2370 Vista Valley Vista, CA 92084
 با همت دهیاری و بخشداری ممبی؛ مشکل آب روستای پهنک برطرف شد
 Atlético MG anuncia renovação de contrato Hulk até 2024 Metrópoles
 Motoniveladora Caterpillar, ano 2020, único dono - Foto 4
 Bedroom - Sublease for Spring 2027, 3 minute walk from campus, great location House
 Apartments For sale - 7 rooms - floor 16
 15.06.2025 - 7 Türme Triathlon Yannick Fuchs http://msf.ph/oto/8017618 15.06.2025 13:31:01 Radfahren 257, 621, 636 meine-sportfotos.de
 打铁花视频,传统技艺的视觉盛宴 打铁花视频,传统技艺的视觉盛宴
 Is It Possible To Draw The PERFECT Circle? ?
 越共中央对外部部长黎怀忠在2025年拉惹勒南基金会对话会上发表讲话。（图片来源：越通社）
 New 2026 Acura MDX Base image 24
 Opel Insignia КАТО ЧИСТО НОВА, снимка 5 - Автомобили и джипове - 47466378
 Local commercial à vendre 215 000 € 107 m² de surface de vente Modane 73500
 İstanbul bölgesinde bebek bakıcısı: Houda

■ ■ ■

### What is expected
Write out exactly the lines from the line with "Is It Possible To Draw The PERFECT Circle? ?" to the close of the listing above, including both of those lines.

### Task response
 Is It Possible To Draw The PERFECT Circle? ?
 越共中央对外部部长黎怀忠在2025年拉惹勒南基金会对话会上发表讲话。（图片来源：越通社）
 New 2026 Acura MDX Base image 24
 Opel Insignia КАТО ЧИСТО НОВА, снимка 5 - Автомобили и джипове - 47466378
 Local commercial à vendre 215 000 € 107 m² de surface de vente Modane 73500
 İstanbul bölgesinde bebek bakıcısı: Houda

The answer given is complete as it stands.